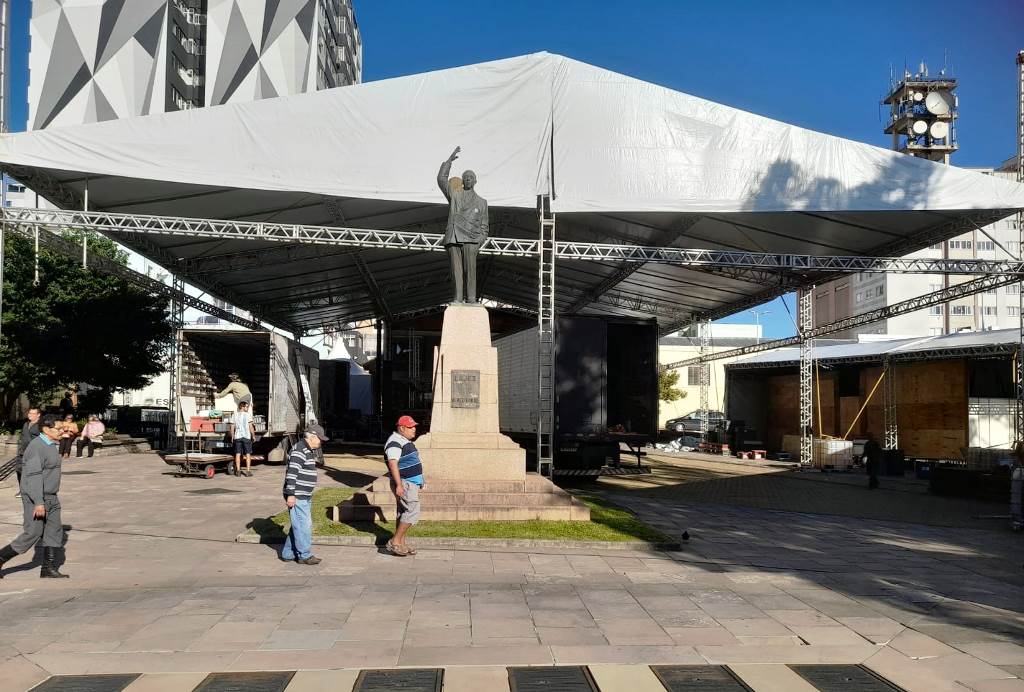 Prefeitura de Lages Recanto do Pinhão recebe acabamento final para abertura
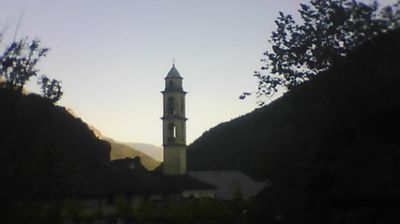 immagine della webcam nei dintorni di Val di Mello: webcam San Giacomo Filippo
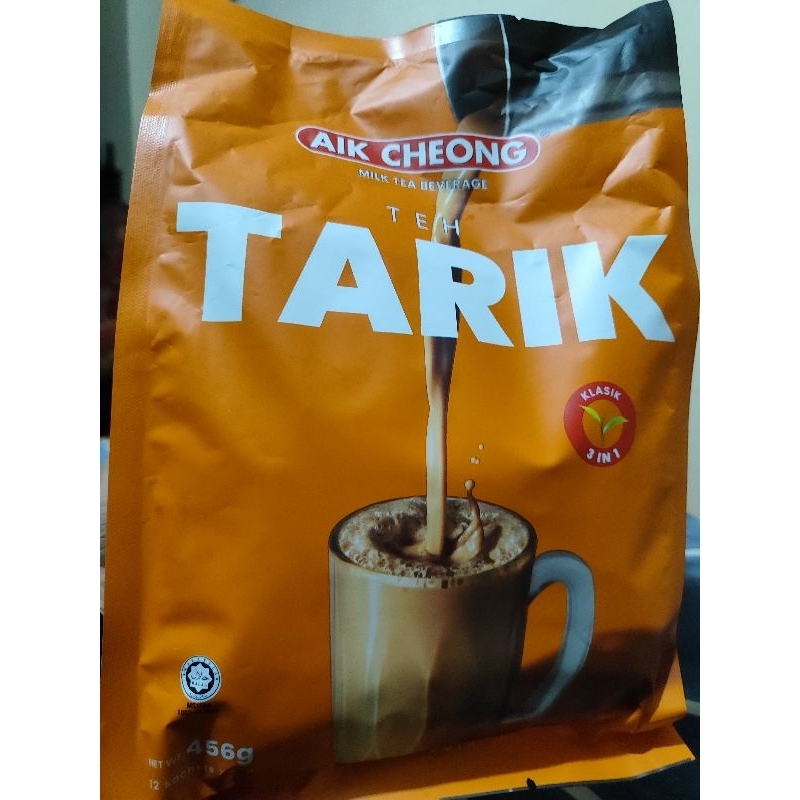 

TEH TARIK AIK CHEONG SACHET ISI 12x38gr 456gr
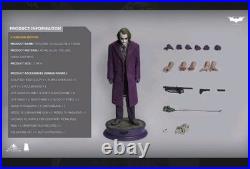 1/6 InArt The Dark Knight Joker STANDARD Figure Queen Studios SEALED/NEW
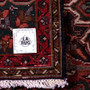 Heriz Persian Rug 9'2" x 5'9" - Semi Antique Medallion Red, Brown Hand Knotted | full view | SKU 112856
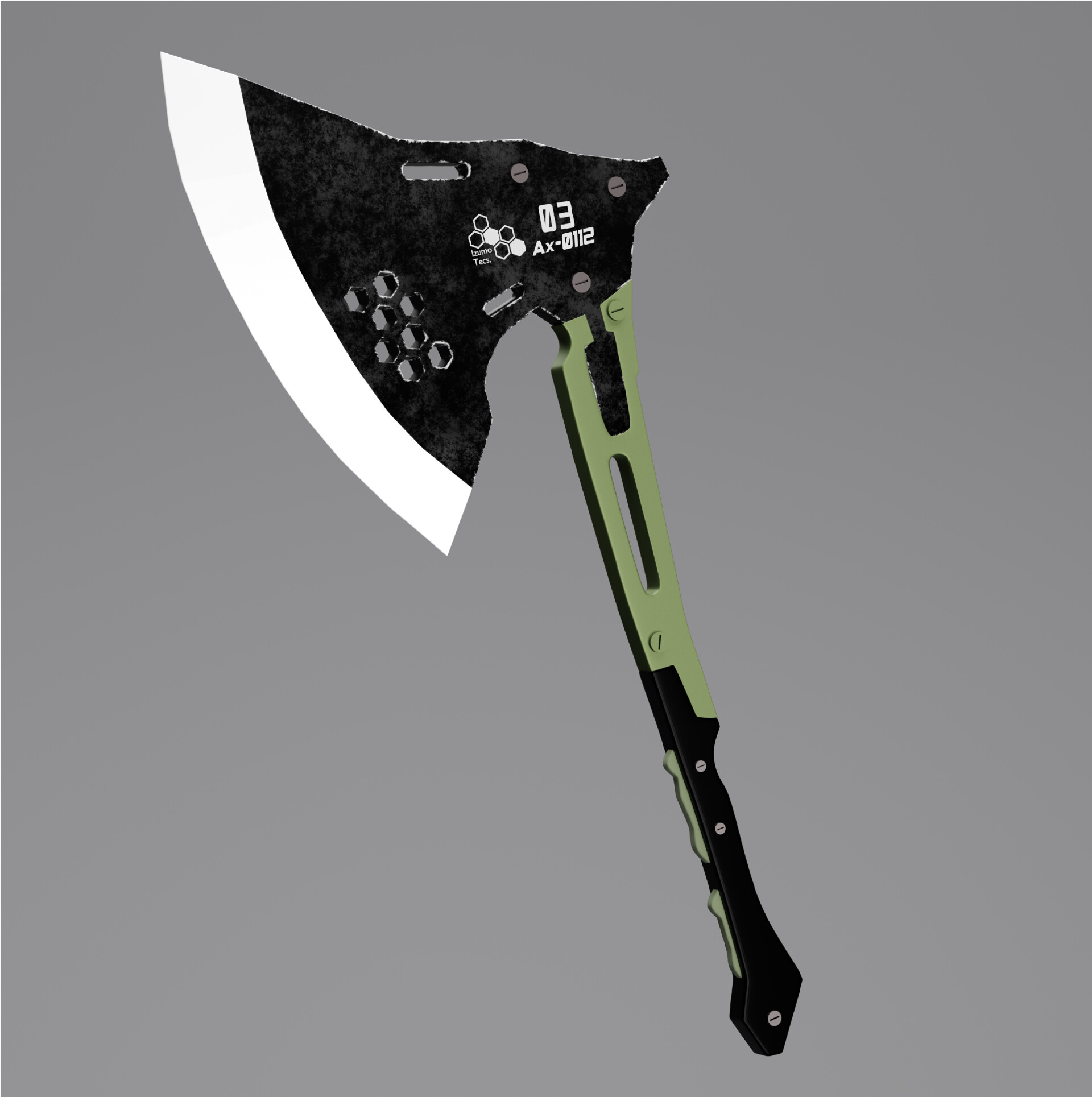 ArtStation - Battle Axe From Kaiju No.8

...

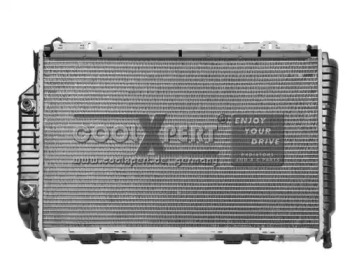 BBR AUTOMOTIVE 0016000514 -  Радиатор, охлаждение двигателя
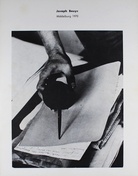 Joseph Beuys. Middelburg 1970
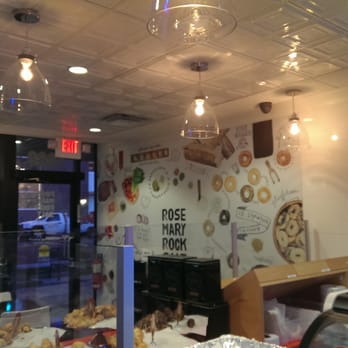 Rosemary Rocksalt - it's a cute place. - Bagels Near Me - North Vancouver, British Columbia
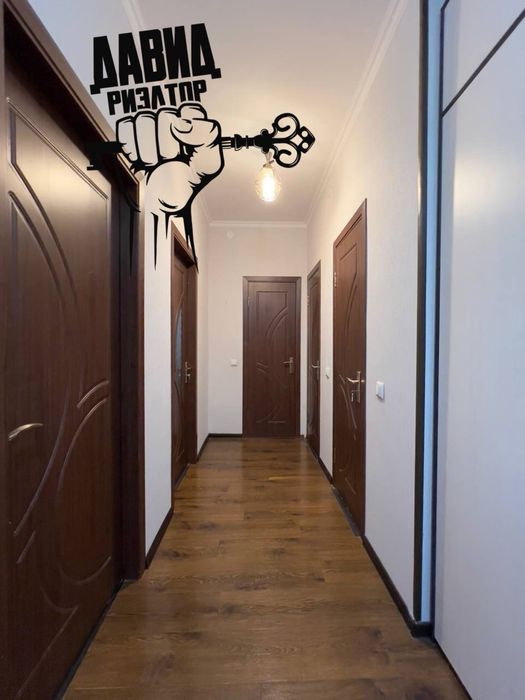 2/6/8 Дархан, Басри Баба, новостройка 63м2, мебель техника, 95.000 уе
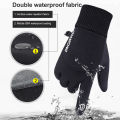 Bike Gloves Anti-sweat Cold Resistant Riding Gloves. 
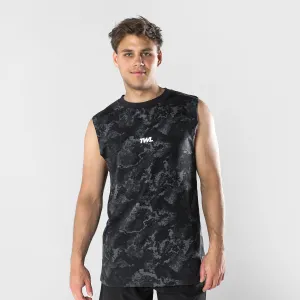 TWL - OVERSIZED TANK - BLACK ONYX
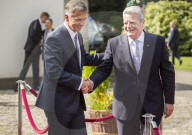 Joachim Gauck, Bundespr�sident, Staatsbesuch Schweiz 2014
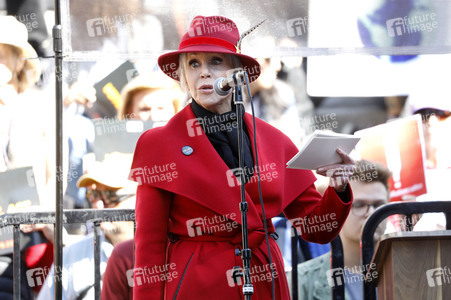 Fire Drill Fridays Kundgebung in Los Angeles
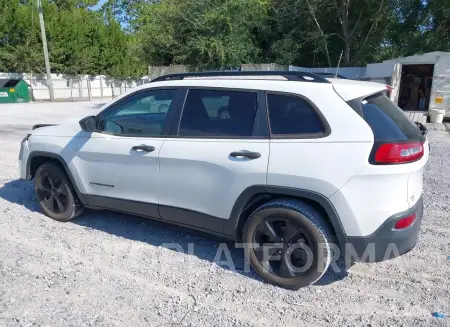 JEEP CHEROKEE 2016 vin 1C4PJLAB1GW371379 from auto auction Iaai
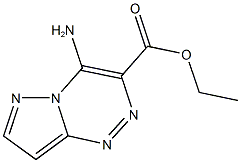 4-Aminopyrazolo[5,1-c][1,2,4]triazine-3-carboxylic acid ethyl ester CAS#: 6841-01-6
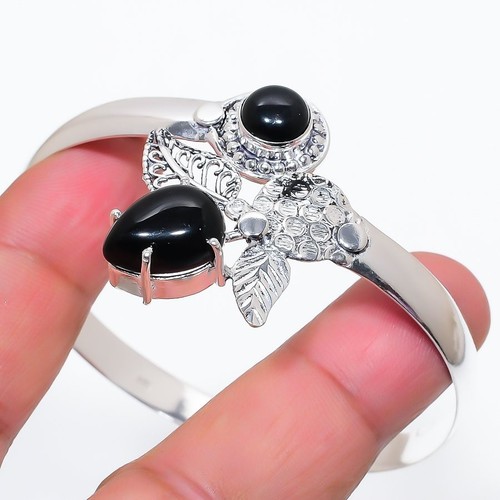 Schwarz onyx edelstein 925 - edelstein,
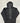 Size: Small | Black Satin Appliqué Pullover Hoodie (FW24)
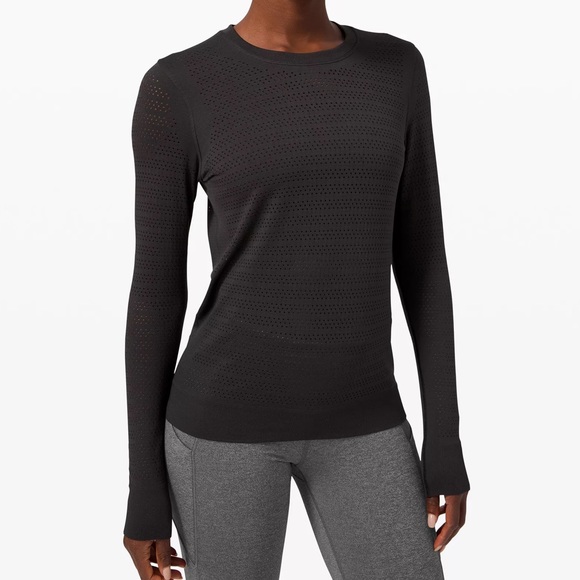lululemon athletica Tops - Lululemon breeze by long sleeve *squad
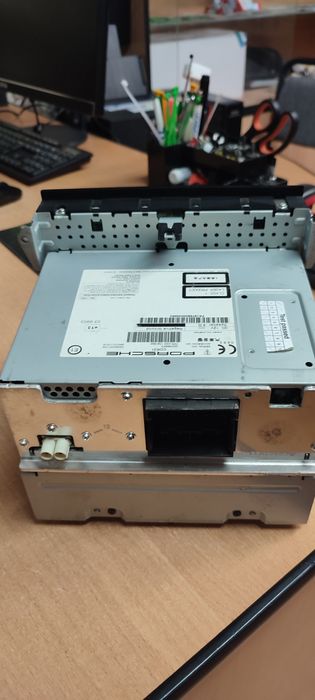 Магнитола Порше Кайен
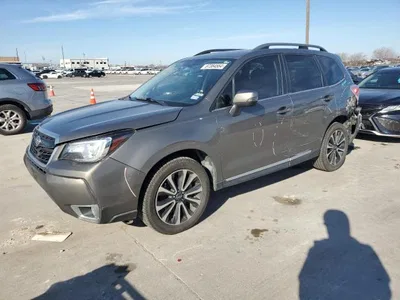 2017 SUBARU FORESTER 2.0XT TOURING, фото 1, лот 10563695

▶ [What the task asks]
The lines to reproduce run from the one above containing "Joseph Beuys. Middelburg 1970" through the one containing "2017 SUBARU FORESTER". Copy them exactly and leave out all pictures.

▶ [Your response]
 Joseph Beuys. Middelburg 1970
 Rosemary Rocksalt - it's a cute place. - Bagels Near Me - North Vancouver, British Columbia
 2/6/8 Дархан, Басри Баба, новостройка 63м2, мебель техника, 95.000 уе
 Bike Gloves Anti-sweat Cold Resistant Riding Gloves. 
 TWL - OVERSIZED TANK - BLACK ONYX
 Joachim Gauck, Bundespr�sident, Staatsbesuch Schweiz 2014
 Fire Drill Fridays Kundgebung in Los Angeles
 JEEP CHEROKEE 2016 vin 1C4PJLAB1GW371379 from auto auction Iaai
 4-Aminopyrazolo[5,1-c][1,2,4]triazine-3-carboxylic acid ethyl ester CAS#: 6841-01-6
 Schwarz onyx edelstein 925 - edelstein,
 Size: Small | Black Satin Appliqué Pullover Hoodie (FW24)
lululemon athletica Tops - Lululemon breeze by long sleeve *squad
 Магнитола Порше Кайен
 2017 SUBARU FORESTER 2.0XT TOURING, фото 1, лот 10563695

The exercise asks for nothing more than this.